Fantasmes et fantômes
Il pourrait être fructueux de commencer la lecture de l’ouvrage par le chapitre VI, intitulé « Culture ». Celui-ci reprend un article critique consacré à L’Afrique fantôme, le célèbre journal de bord tenu par Michel Leiris lors de la mission Dakar-Djibouti (1931-1933), en compagnie de Marcel Griaule. Amselle y montre que cet ouvrage, ainsi que la revue Documents à laquelle il est lié, illustre à la fois la force et la faiblesse de l’ethnologie française : son goût immodéré pour le primitivisme, le romantisme et le relativisme culturel.
Ce point de départ permet de revenir au titre choisi par Amselle : L’Afrique des fantasmes. Entre Afrique-fantôme et Afrique-fantasme, la différence est décisive. Le fantasme, notion fuyante et polysémique, engage tout un imaginaire : rêve, attente, délire, projection. Il évoque l’onirisme autant que la substitution d’un signe à un autre — une image qui, tout en se donnant comme vérité, s’éloigne de la réalité.

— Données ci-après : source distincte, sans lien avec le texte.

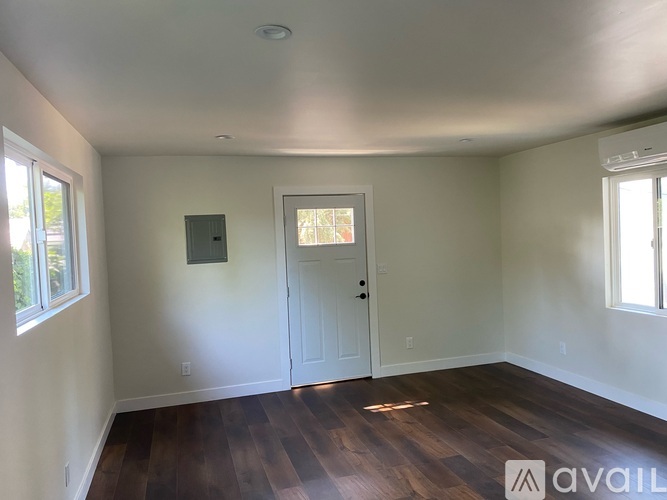 A room with wooden floors and white walls, with a door and a window.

C’est précisément cela qu’explore Amselle au fil des pages : une suite de « scènes » où se dissolvent les représentations de l’Afrique dans le regard occidental. Ces images, réductrices et dénonciatrices, circulent dans les deux sens. L’auteur s’attache surtout à celles qui vont de l’Occident vers l’Afrique, en analysant comment l’Occidental contemporain vit encore dans un rêve africain, au cœur même des relations économiques et politiques entre les deux mondes.
Politiques du fantasme
Le chapitre II, intitulé « Politique », illustre cette dynamique à travers une étude de cas : l’« affaire Idrissa Gana Gueye ». Rappelons les faits : en 2021, lors de la journée internationale contre l’homophobie, le footballeur sénégalais Idrissa Gana Gueye déclare forfait, officiellement malade. Très vite, des soupçons d’homophobie émergent.
Pour Amselle, cette « affaire » dépasse largement le cadre du football. Elle révèle l’opposition des valeurs qui traverse tout l’ouvrage — entre le Sénégal et la France, entre l’individuel et le collectif, entre visions religieuses, morales et politiques. L’auteur analyse ainsi, à travers cet épisode, comment des fantasmes, souvent d’ordre sexuel, influencent les comportements et les relations entre les cultures.
Il s’agit d’évaluer les effets symboliques de ces discours, qui opposent mono- et polygamie, virilité et homosexualité, fécondité et stérilité. L’auteur met en lumière ces couples de contraires dans les domaines de l’ethnicité, de la santé, du tourisme, de la culture et de la politique. Il montre, par exemple, combien l’idée d’une neutralité du sport est illusoire : celui-ci prolonge toujours, à sa manière, les rapports de force politiques. Et que dire, dès lors, du tourisme ?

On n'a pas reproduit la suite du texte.